Boost Spirit: a sub grammatical addition to a line?

I play with Boost.Spirit . As part of a larger work, I am trying to build a grammar for parsing C / C ++ style string literals. I ran into a problem:

How to create a subgram that adds the result of std::string() to the calling grammar attribute std::string() (instead of a simple char ?

Here is my code that still works. (Actually, I already had a lot more, including things like '\n' , etc., but I reduced it to what I needed.)

 #define BOOST_SPIRIT_UNICODE #include <string> #include <boost/spirit/include/qi.hpp> #include <boost/spirit/include/phoenix_operator.hpp> using namespace boost; using namespace boost::spirit; using namespace boost::spirit::qi; template < typename Iterator > struct EscapedUnicode : grammar< Iterator, char() > // <-- should be std::string { EscapedUnicode() : EscapedUnicode::base_type( escaped_unicode ) { escaped_unicode %= "\\" > ( ( "u" >> uint_parser< char, 16, 4, 4 >() ) | ( "U" >> uint_parser< char, 16, 8, 8 >() ) ); } rule< Iterator, char() > escaped_unicode; // <-- should be std::string }; template < typename Iterator > struct QuotedString : grammar< Iterator, std::string() > { QuotedString() : QuotedString::base_type( quoted_string ) { quoted_string %= '"' >> *( escaped_unicode | ( char_ - ( '"' | eol ) ) ) >> '"'; } EscapedUnicode< Iterator > escaped_unicode; rule< Iterator, std::string() > quoted_string; }; int main() { std::string input = "\"foo\u0041\""; typedef std::string::const_iterator iterator_type; QuotedString< iterator_type > qs; std::string result; bool r = parse( input.cbegin(), input.cend(), qs, result ); std::cout << result << std::endl; } 

This prints fooA - the fooA grammar QuotedString grammar, which causes char to be added to the std::string QuotedString ( A , 0x41 ).

But of course, I will need to generate a sequence of characters (bytes) for anything other than 0x7f. EscapedUnicode could create a std::string , which should be added to the line generated by QuotedString .

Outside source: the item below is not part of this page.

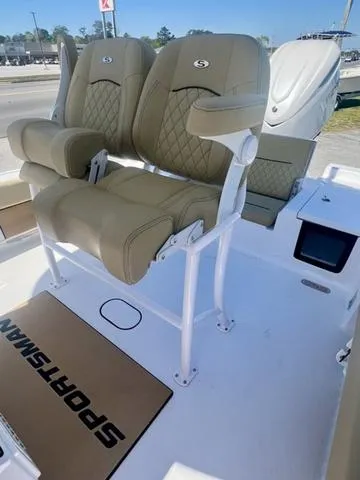 Slide: The Image of 2025 Sportsman Masters 247 boat with dual cushioned seats and sleek design. - 18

And this is where I met the checkpoint. I don’t understand what Boost.Spirit does with Boost.Phoenix, and any attempts that I made led to long and rather elusive compiler errors related to templates.

So how can I do this? In fact, the answer does not require a proper Unicode conversion; this is a std::string question I need a solution for.

+5
source share
1 answer

Several points applied:

  • please do not use using namespace in relation to high code. ADL will ruin your day if you do not control it
  • The %= operator is the purpose of an automatic rule, which means that the automatic distribution of attributes will be forced even if there are semantic actions. You do not want this because the attribute opened by uint_parser will not automatically (automatically) propagate if you want to encode into a multibyte string representation.
  • Input line

     std::string input = "\"foo\u0041\""; 

    is necessary

     std::string input = "\"foo\\u0041\""; 

    otherwise, the compiler performed the transition processing before the parser even performed :)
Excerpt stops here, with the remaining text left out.